I am slowly learning to be thankful to myself for much of what I do, feel, and think. Variously formulated Christian theological doctrines such as original sin and total depravity wrongly and completely devalue humans. Created by God, each of is valuable and able to do good things. Low self-esteem and lack of self-respect are never part of the true humility that includes self-appreciation for those times when we faithfully walk in Jesus’ footsteps of sacrificial love.
Concurrently, I am learning to reject excessive self-reliance and independence in favor of a healthy, mutual interdependence with family, friends and others. Take Thanksgiving as an opportunity to habituate intentionally thanking those persons whose love enriches your life.

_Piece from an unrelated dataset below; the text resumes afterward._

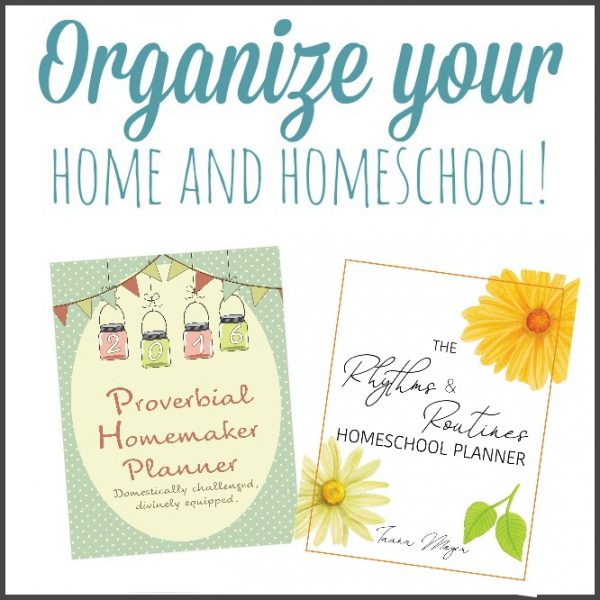 Balance for the Busy Homeschool Mom - Proverbial Homemaker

Finally, learn to thank God for life. Life is our real blessing from God, an idea captured in the classic Jewish toast of Le Chaim (to life). For in life – whether in the cosmos’ beauty, human creativity, our limited autonomy, or our self-awareness – we experience an echo or reflection of the divine. We can also experience God in the Spirit’s gifts of wisdom, strength and courage.
To thank God for more– such as rain that blesses us but harms others – implies that God loves us better or more completely than God loves those to whom God has apparently been less good, less kind. That is patently wrong. God loves all creation, and God loves all of God's daughters and sons equally.